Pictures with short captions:
* * *

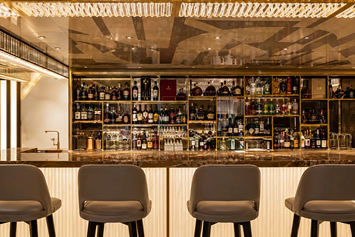 Oceania Allura Founders Bar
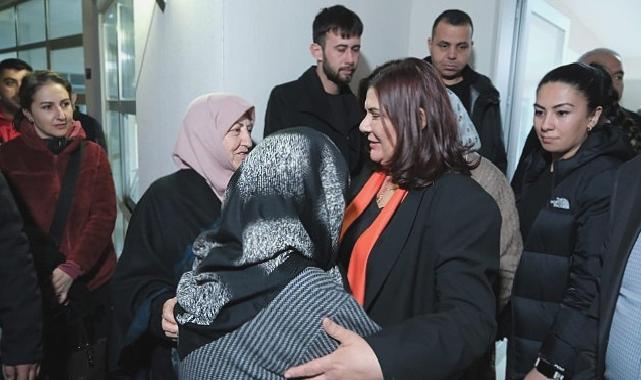 Aydın Büyükşehir Belediye Başkanı Özlem Çerçioğlu Çakırbeyli Mahallesi’nde vatandaşlarla iftarda buluştu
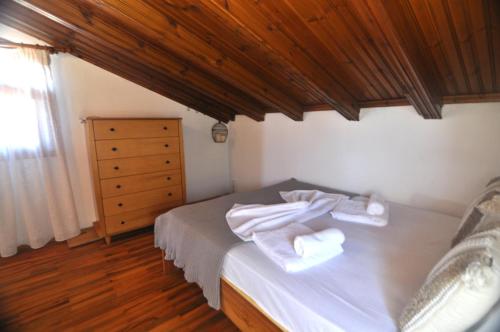 Palm Nest Villa with private pool in Chalkidikiにあるベッド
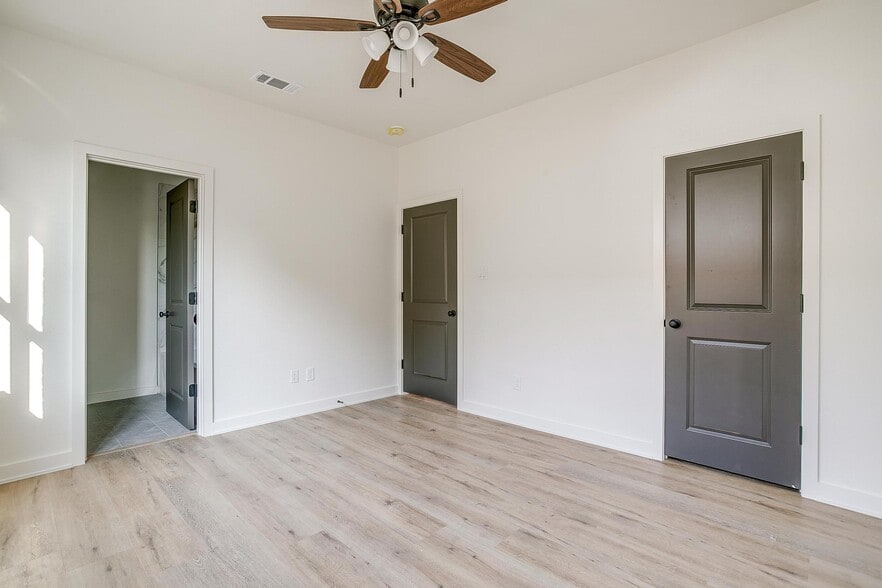 More Photos Of 3108 Frazier Ave, Fort Worth Multifamily For Sale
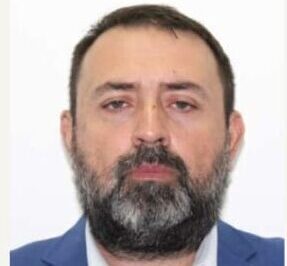 Procuror bucureștean, urmărit general! A intrat cu pistolul în restaurant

* * *

* What you have to do *
What you need to copy is the run of lines from the one holding "More Photos Of" through the end of the data, exactly and only, both ends included, pictures omitted.

* Your response *
 More Photos Of 3108 Frazier Ave, Fort Worth Multifamily For Sale
 Procuror bucureștean, urmărit general! A intrat cu pistolul în restaurant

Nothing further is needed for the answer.